1) Too many cooks in the kitchen
Companies often parade candidates through a gauntlet of team members and decision makers. Their reasons for doing so often relate to wanting as many opinions as possible so they can be sure, or wanting to give the candidate time with anyone they would have exposure to in the role. However, this strategy can be dizzying to the candidate (overload), takes away from time spent with the decision maker(s), and almost always results in so many diverging opinions, no candidate can possibly make the cut.

Limit your interview rosters to the absolute most important stakeholders in question, and if broad exposure to the team is desired, arrange a for a presentation, or meet and greet, where less “hire/no hire” feedback is collected.

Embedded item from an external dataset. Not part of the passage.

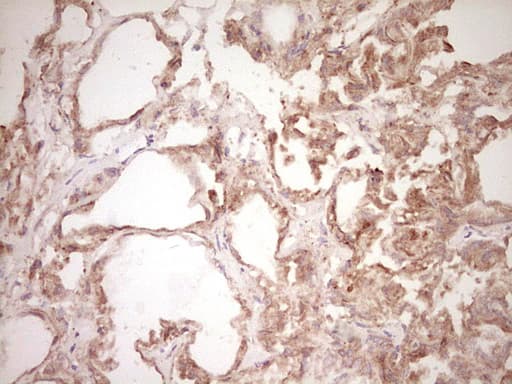 SPP1 / Osteopontin Antibody (aa17-314, clone OTI5E4)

2) Endless rounds of interviews

This mistake often makes an appearance in relation to Number One, but can rear its ugly head on its own. Companies too often make the mistake of asking a candidate for phone interview after phone interview; adding needless steps, or instead of pooling interviewers for an entire day visit, ask a candidate to return 2, 3, or 4 times to get in front of everyone they want. This not only wears on the candidate’s interest, but can risk giving the impression that decisions cannot be made, or that you and your team are unsure of what you seek.

Phone/first interviews should be with the hiring manager, particularly if the candidate comes from a trusted staffing partner or internal source. Condense key decision makers from there for in person interviews, and try and keep multiple candidates on similar schedules. Debrief while things are fresh on the mind, and proceed accordingly or make a decision.

3) Inordinate amounts of time between initial screening, first visit, follow up visit, etc

This is another classic mistake hiring managers can themselves fall victim to and also have the most individual impact on. After taking weeks to provide feedback on potential candidates to internal or external sources, companies will take yet a few more weeks to arrange an initial exploratory call, and from there you can guess where this is going…

Tighten up your interview process. Initial phone interviews (with the hiring manager), thru in person interviews and offer stage should not take more than 8 weeks for an ideal engagement process. You will lose candidates to time alone, or simply to other opportunities with more swift processes. You also risk alienating any staffing support you’ve enlisted, drying up your pool.

4) Making offers to non-committed candidates or making bad offers (against advice)

Do you really want to be extending offers without some assurance of acceptance? Too often companies gather little or no feedback throughout their process and are negotiating blindly with their top candidate, only to lose them when they get the offer they really wanted. Tunnel vision can also prohibit you from being diligent about having a second, or third option, or continuing to field and screen potential candidates.

Your internal staffing partners should be asking the tough questions of the candidates you are interviewing, setting expectations and guarding the organization appropriately. Lean on your external staffing partners to ensure your top candidate feels the same way you do (this is where a third party recruiter can be worth their fee and more). Trust the data on salary expectations and don’t sully interest by shooting low and hoping things work out.

Attracting, interviewing, and hiring top talent in today’s global marketplace is already hard enough; don’t create more hurdles in your process and in turn damage your team’s success.